Die menschlichen Ovarialkarzinomzellen SK-OV3 weisen mäßige bis hohe EGFR- und HER2-Konzentrationen auf. Zur Bestätigung des In-situ-Nachweises der EGF-induzierten EGFR-HER2-Dimerisierung wurde das Duolink^® PLA Control Kit – PPI verwendet. Jedes Kit enthält zwei 8-Well-Kammer-Objektträger mit EGF-behandelten, vorfixierten SKOV3-Zellen und primären Maus Anti-EGFR- und Kaninchen Anti-HER2-Antikörpern. Die optimalen Konzentrationen der primären Antikörper wurden bereits bestimmt, die Empfehlungen sind in der Produkt-Packungsbeilage enthalten. Nach der Rehydrierung in 1x PBS wurden die Zellen mit 0,2 % Triton X-100 in 1x PBS für 10 Minuten bei Raumtemperatur permeabilisiert und dann eine Stunde bei 37 °C mit Duolink^® PLA Blockierungspuffer blockiert. Die Zellen in Well-Duplikaten wurden dann mit beiden primären Antikörpern inkubiert. Zu den technischen Negativkontrollen gehörte die Inkubation mit jedem einzelnen primären Antikörper und die Inkubation ohne primären Antikörper, die in Well-Duplikaten durchgeführt wurden (Abbildung 3). Nach dem Waschen wurden die Duolink^®-PLA gemäß dem Duolink^®-PLA-Fluoreszenzprotokoll durchgeführt. Alle Wells wurden mit Duolink^®  Anti-Kaninchen PLUS und Anti-Maus MINUS PLA-Sonden inkubiert und die PLA-Signale wurden mit dem Duolink^® In-Situ Nachweisreagenz Tiefrot erzeugt. Die Objektträger wurden mit dem  Duolink^® In Situ Eindeckmedium mit DAPI eingedeckt und die Bilder wurden mit dem GE IN Cell Analyzer 2200 aufgenommen.

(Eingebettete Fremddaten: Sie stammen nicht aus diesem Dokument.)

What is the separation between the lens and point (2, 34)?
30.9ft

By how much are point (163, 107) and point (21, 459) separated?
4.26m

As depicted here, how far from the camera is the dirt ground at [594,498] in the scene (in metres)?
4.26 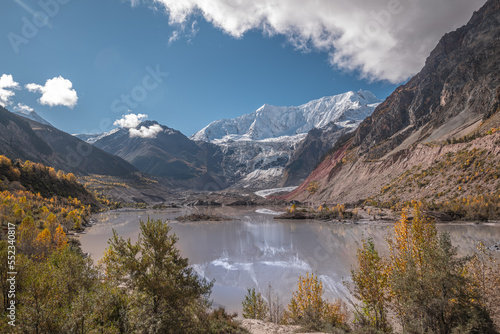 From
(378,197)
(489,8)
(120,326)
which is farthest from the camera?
(489,8)

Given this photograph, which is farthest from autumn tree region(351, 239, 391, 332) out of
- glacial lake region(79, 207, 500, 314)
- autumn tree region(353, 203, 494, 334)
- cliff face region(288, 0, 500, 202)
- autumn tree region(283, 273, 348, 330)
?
cliff face region(288, 0, 500, 202)

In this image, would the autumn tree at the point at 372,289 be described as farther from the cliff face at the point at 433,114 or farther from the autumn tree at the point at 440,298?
the cliff face at the point at 433,114

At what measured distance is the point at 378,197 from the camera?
2410 inches

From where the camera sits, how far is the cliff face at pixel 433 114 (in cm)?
6041

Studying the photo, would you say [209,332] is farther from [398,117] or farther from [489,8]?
[489,8]

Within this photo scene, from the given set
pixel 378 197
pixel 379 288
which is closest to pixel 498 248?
pixel 379 288

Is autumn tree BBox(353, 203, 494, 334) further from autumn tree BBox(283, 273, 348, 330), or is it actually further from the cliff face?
the cliff face

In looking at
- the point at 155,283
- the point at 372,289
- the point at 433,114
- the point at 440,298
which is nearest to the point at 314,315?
the point at 372,289

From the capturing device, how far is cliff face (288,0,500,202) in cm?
6041

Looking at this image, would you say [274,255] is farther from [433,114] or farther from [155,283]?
[433,114]

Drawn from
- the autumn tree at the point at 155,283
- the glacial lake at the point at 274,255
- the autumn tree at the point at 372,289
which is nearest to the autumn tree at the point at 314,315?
the autumn tree at the point at 372,289

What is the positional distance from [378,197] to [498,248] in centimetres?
3863

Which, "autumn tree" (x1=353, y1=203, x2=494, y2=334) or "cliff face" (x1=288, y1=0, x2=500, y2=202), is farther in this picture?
"cliff face" (x1=288, y1=0, x2=500, y2=202)

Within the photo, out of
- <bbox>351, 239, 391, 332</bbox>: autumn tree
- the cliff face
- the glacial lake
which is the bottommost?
the glacial lake
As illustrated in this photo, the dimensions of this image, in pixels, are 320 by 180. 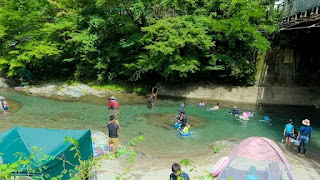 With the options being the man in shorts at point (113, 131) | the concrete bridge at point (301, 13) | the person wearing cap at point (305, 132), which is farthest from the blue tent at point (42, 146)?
the concrete bridge at point (301, 13)

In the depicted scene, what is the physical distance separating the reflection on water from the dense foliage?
12.1ft

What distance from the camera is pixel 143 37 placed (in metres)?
23.9

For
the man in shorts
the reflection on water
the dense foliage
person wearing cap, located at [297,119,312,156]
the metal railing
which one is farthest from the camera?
the dense foliage

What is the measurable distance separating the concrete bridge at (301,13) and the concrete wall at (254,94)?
19.7 ft

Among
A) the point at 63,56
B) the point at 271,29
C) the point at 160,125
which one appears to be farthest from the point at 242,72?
the point at 63,56

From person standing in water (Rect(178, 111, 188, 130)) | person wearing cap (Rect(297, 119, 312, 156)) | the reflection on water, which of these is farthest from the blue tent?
person wearing cap (Rect(297, 119, 312, 156))

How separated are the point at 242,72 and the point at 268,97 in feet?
10.7

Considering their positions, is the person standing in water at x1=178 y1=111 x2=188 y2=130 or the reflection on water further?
the person standing in water at x1=178 y1=111 x2=188 y2=130

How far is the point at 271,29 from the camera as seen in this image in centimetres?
2267

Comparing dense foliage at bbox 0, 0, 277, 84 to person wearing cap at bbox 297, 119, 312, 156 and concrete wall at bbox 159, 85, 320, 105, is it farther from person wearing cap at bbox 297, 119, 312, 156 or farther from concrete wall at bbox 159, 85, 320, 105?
person wearing cap at bbox 297, 119, 312, 156

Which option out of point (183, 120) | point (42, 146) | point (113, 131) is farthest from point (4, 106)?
point (42, 146)

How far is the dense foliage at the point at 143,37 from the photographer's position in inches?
893

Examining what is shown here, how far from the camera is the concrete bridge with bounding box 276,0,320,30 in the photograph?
1475cm

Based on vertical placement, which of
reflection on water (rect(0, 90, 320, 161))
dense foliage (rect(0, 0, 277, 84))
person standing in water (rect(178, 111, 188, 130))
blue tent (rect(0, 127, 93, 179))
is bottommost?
reflection on water (rect(0, 90, 320, 161)) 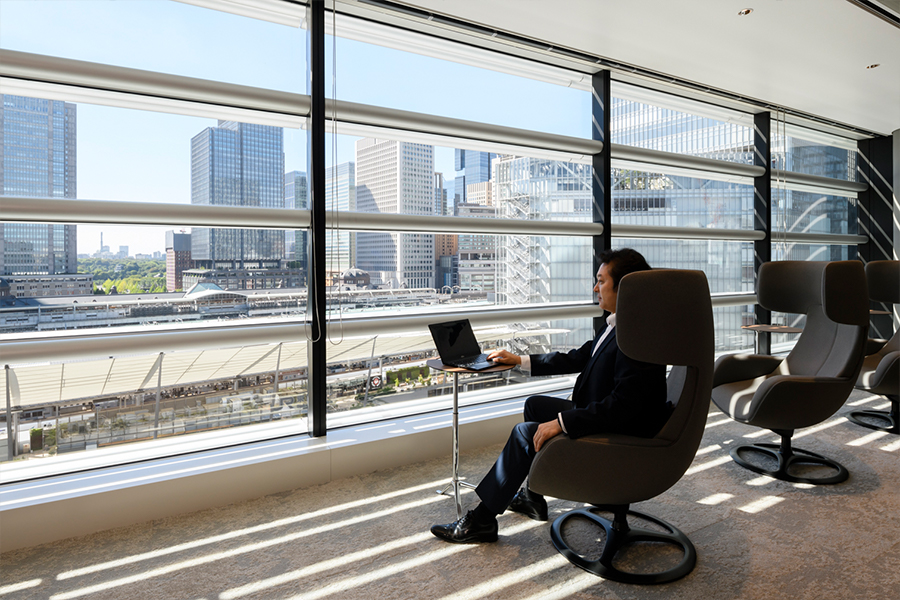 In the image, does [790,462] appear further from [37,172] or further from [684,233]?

Abbildung 3. Duolink^® PLA Control Kit – PPI Objektträger-Layout und Probenplatzierung. Alle Wells enthalten EGF-stimulierte, vorfixierte SK-OV3-Zellen. Nach der Permeabilisierung und Blockierung wurden die Wells 1 und 5 sowohl mit Kaninchen Anti-EGFR- als auch mit Maus Anti-HER2-Primärantikörpern, die Wells 2 und 6 nur mit Anti-EGFR-Antikörpern, die Wells 3 und 7 nur mit Anti-HER2-Antikörpern und die Wells 4 und 8 nur mit Antikörperverdünnungsmittel inkubiert.

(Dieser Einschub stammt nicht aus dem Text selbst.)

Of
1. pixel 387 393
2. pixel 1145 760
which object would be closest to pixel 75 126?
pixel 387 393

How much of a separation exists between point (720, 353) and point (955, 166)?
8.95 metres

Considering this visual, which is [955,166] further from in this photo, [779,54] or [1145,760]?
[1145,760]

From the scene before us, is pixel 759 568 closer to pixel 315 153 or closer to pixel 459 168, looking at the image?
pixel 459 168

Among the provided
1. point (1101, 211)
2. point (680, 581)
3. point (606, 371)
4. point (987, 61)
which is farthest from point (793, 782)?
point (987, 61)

Ähnliche PLA-Ergebnisse wurden erzielt, wenn die primären Antikörper zwei Stunden bei 37 °C (Abbildung 4A-4D) oder über Nacht bei 4 °C (Abbildung 4E-4H) inkubiert wurden, wodurch der Anwender mehr Flexibilität erhält. Ein robustes PLA-Signal wurde in EGF-aktivierten SK-OV3-Zellen nachgewiesen, wenn sowohl Anti-EGFR- als auch Anti-HER2-Primärantikörper vorhanden waren, was auf reichlich vorhandene EGFR:HER2-Komplexe hindeutet (Abbildung 4A, 4E). Trotz einheitlicher Behandlung der SK-OV3-Zellen mit EGF variierte die Anzahl der PLA-Signale/EGFR:HER2-Komplexe zwischen den Zellen. Dies ist wahrscheinlich auf die unterschiedliche Expression von HER2 innerhalb der SK-OV3-Zellpopulation zurückzuführen (Daten nicht dargestellt). Im Gegensatz dazu wurden nur sehr wenige PLA-Signale festgestellt, wenn nur ein primärer Antikörper verwendet wurde oder wenn beide primären Antikörper weggelassen wurden (Abbildung 4B-D, 4F-H). Zu hohe Konzentrationen von primären Antikörpern können zu einer erhöhten Anzahl von PLA-Signalen führen, wenn sie separat verwendet werden, und/oder zu einer Koaleszenz positiver PLA-Signale führen, die nicht genau quantifiziert werden können (Daten nicht dargestellt). Daher ist es wichtig, die empfohlenen Konzentrationen der primären Antikörper zu verwenden. Insgesamt zeigen diese Daten, dass EGFR:HER2-Komplexe in EGF-stimulierten SK-OV3-Zellen mit dem Duolink^® PLA Control Kit – PPI nachgewiesen und quantifiziert werden können.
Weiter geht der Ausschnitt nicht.